→ **What is required**:
Which lines run from the line with "2003 Pokemon Sapphire" through the line with "Turquoise southwestern sterling" in the entries below? Print them exactly, both ends included, and nothing more.

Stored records
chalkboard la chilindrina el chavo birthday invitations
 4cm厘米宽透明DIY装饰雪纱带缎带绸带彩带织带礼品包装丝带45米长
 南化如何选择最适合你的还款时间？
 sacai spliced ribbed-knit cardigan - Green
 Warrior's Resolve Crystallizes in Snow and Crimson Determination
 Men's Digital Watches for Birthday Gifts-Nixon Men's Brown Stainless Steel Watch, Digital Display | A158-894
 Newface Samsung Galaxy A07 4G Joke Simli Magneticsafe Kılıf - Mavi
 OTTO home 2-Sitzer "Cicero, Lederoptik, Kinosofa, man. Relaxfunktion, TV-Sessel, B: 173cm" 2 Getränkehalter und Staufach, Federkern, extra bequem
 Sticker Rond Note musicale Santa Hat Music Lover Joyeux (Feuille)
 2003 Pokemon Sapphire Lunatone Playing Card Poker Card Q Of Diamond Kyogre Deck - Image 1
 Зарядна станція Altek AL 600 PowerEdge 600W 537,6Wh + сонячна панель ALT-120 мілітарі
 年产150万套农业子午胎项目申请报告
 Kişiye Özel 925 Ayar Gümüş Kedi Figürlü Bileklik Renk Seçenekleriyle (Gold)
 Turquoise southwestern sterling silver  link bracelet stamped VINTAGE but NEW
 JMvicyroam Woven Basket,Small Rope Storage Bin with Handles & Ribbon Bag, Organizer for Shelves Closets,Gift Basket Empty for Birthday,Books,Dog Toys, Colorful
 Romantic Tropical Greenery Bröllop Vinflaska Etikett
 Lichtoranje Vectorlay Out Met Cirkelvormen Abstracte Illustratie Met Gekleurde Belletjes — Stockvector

→ **Answer to the problem**:
 2003 Pokemon Sapphire Lunatone Playing Card Poker Card Q Of Diamond Kyogre Deck - Image 1
 Зарядна станція Altek AL 600 PowerEdge 600W 537,6Wh + сонячна панель ALT-120 мілітарі
 年产150万套农业子午胎项目申请报告
 Kişiye Özel 925 Ayar Gümüş Kedi Figürlü Bileklik Renk Seçenekleriyle (Gold)
 Turquoise southwestern sterling silver  link bracelet stamped VINTAGE but NEW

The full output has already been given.